Yet the economic and social value of livestock production add complexity to finding solutions for better nitrogen management. Globally, 34% of all farm market value comes from animal products^[70]. Some one billion people, mostly local smallholders often living on lands less suitable for growing crops, depend on stock for their nutrition, livelihoods, and many cultural values^[71].

Ongoing research is helping to identify what places and practices must be prioritized so that CA and sustainable intensification solutions for livestock production can be better targeted and implemented. The general use of LCA is widely advocated^{[72, 73]}. Many studies also recommend particular focus on three areas: local fertilizer use efficiencies, changes in animal feed production, and manure management^{[66, 74, 75]}.

Numerous changes in fertilizer use efficiency are being pursued within CA. These include reducing urea-based fertilizer application rates, deep placement of fertilizers, and changes in crop straw use^[76]. Much innovative work is being done with improving animal feeds including using a variety of new supplements in animal foods (food wastes, tannin-rich plants, fungi, algae, insect proteins)^{[77, 78, 79]}. For improved manure management, there is active experimentation using anaerobic digesters, biogas production, membrane filtration systems, worm composting, algal cultivation, and fungal digestion^{[77, 80, 81, 82]}.

Efforts to reconnect crop-livestock loops are focused on getting animal wastes back onto fields to replace synthetic fertilizers^{[83, 84]}. In addition, researchers are pursuing innovations using algal and fungal-based waste treatments^[77]. Zhang and colleagues^[85] in China have gone farther than many researchers by looking at county-level nitrogen management practices to discover and showcase where the most efficient management is being done.
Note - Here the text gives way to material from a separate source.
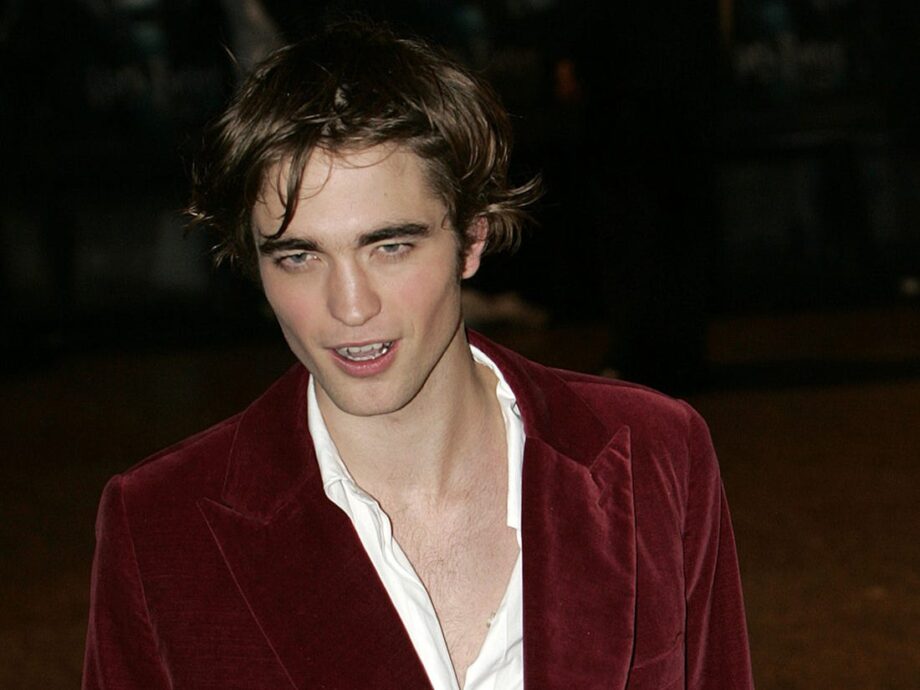 The Robert Pattinson’s Style Guide To Looking Awesome - 2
This kind of fine-scale research provides a model that other countries can pursue to optimize livestock management.

Nitrogen inefficiencies are not limited to agricultural practices; they occur across food systems from fertilizer production and processing to retail and trade^[86]. Further, global trade in animal feedstocks (soy and corn) and meat allows importing countries to avoid the embodied LCA costs of nitrogen pollution. Embodied costs also extend to ground water depletion^[87], ecosystems services^[88], and carbon emissions^[89]. We know of no country accounting for embodied flows in their agricultural policy or national food systems planning; this is an area where CA research using LCA and other modelling at the global scale can make important contributions.

At all scales, for nitrogen management to meet the sustainability standards of safe planetary boundaries, major transformation of conventional practices will be needed. These include more mainstream use of cost/benefit and trade-off analyses across national agricultural sectors and international trade, redesign of research programs, local extension services, agricultural credit and insurance systems, and food safety regulations^{[90, 91]}. It is also clear that increasing supply-side efficiencies without also addressing demand-side dietary change (and food loss and waste) will not solve nitrogen cycle problems^[92]. The expectation is that the positive co-benefits from reduced water and air pollution and greenhouse gas emissions along with increases in benefits to public health and food security will drive increasing nitrogen cycle efficiencies throughout food systems.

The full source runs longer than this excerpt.